Men should consider meeting with a genetic counselor or another medical professional to discuss their risk for cancer and determine if they are candidates for BRCA and other genetic testing if they:
- Have a personal or family history of male breast cancer
- Have a personal or family history of at least two men with aggressive prostate cancers (Gleason score of 7 or higher)

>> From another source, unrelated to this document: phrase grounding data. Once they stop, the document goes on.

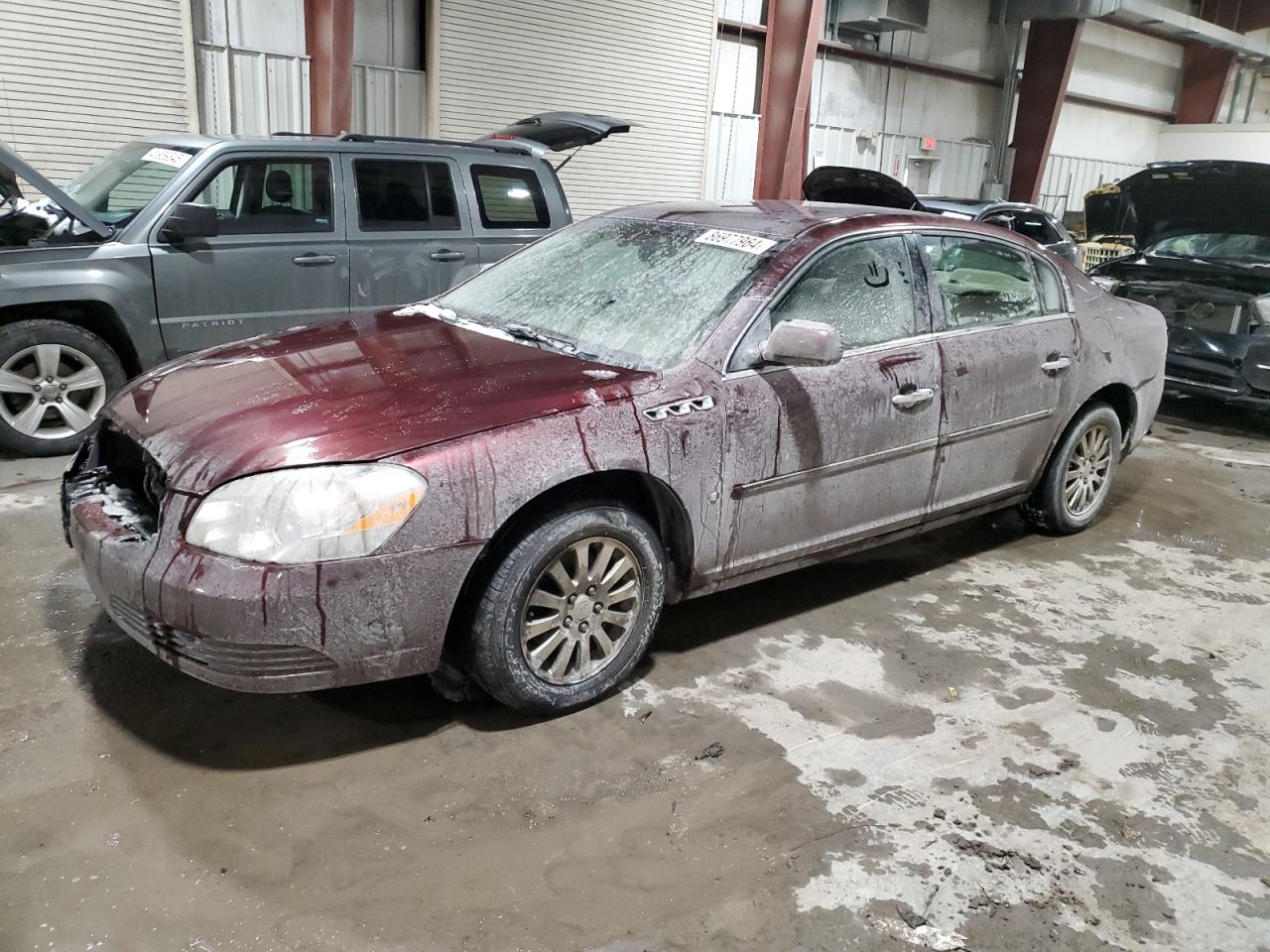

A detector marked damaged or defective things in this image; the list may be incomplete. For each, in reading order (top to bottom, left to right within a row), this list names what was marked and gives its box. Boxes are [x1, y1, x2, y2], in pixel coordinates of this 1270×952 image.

broken front bumper [62, 438, 484, 690]
damaged vehicle [0, 115, 627, 458]
damaged vehicle [66, 200, 1159, 714]
damaged buick lucerne [64, 197, 1167, 710]
damaged buick lucerne [1087, 160, 1270, 405]
damaged vehicle [1087, 161, 1270, 405] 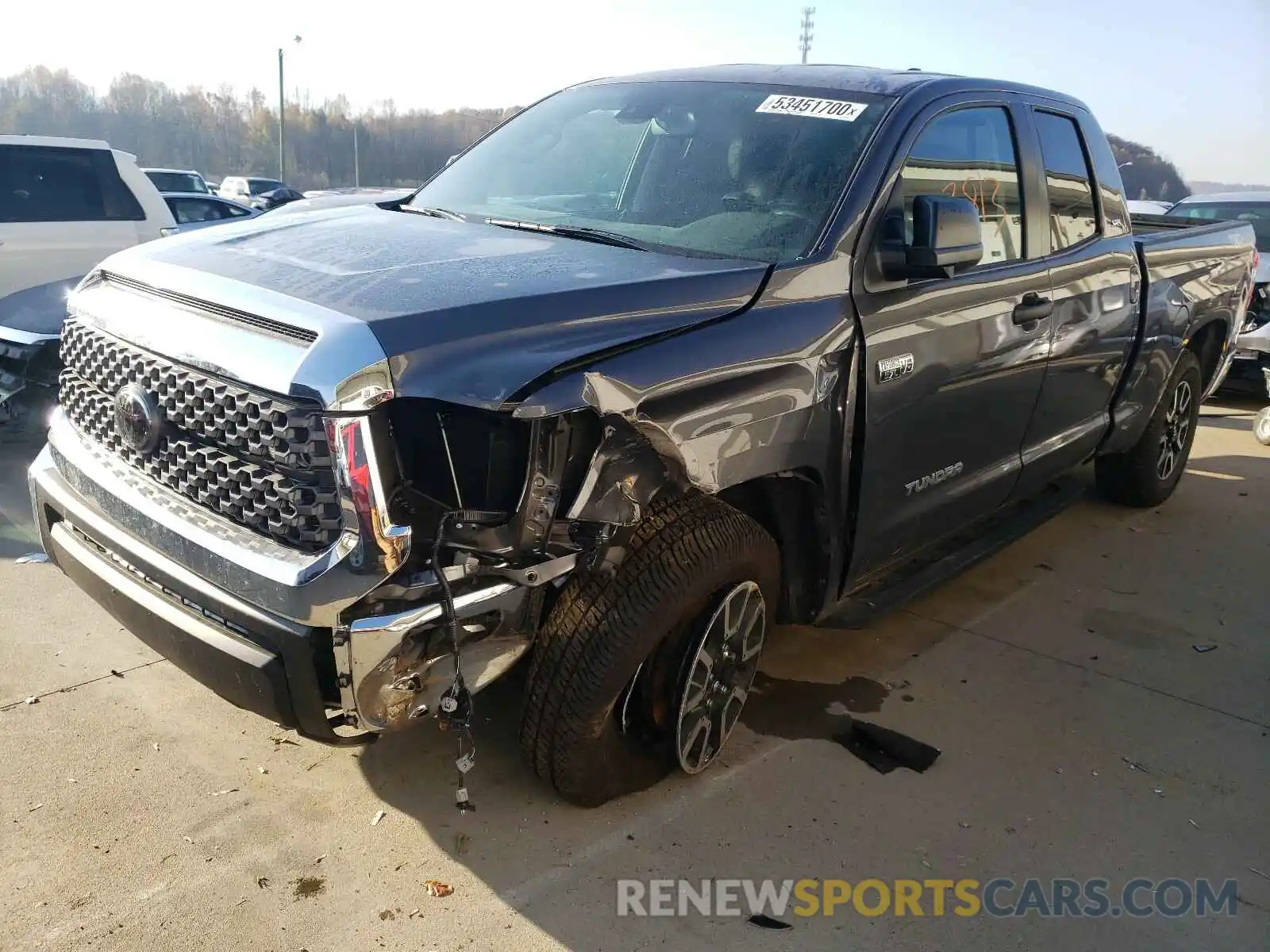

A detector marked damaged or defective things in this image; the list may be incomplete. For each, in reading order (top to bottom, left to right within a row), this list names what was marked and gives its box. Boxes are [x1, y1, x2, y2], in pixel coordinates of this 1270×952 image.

- Have a personal or family history of pancreatic cancer and one or more relatives with breast, ovarian and pancreatic cancer
- Have a family history of ovarian cancer; female relatives who developed breast cancer at a young age (earlier than 50) or who developed multiple primary breast cancers; or three or more female relatives with breast cancer at any age
- Have a family history of breast, ovarian, pancreatic, prostate cancer or melanoma
- Are of Ashkenazi Jewish descent and have a personal history of breast, ovarian or pancreatic cancers, aggressive prostate cancer, or melanoma
- Have a known family history of a BRCA1 or BRCA2 mutation
If you do meet with a genetic counselor, he or she will collect a personal and family medical history in the initial meeting to determine whether genetic testing may be a good option. If recommended, genetic testing is typically performed with a blood or saliva test. “Genetic testing is an option that's available to individuals,” says Ewing. “As genetic counselors, we believe that individuals make the best decisions for themselves, and it's our job to help facilitate that decision-making process.”